─── DATA EXCERPTS ───
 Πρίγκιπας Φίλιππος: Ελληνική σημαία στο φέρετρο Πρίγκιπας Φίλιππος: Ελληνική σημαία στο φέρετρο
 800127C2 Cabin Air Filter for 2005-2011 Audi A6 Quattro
───
─── DATA EXCERPTS ───
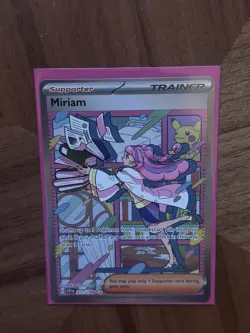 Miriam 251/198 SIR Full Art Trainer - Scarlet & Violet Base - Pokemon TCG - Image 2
───
Taking the lines above, repeat exactly those from the line that contains "Πρίγκιπας Φίλιππος: Ελληνική σημαία στο φέρετρο Πρίγκιπας" through the line that contains "800127C2 Cabin Air", and both of those lines as well. Include nothing else.

> _RESULT OF THE EXERCISE_
 Πρίγκιπας Φίλιππος: Ελληνική σημαία στο φέρετρο Πρίγκιπας Φίλιππος: Ελληνική σημαία στο φέρετρο
 800127C2 Cabin Air Filter for 2005-2011 Audi A6 Quattro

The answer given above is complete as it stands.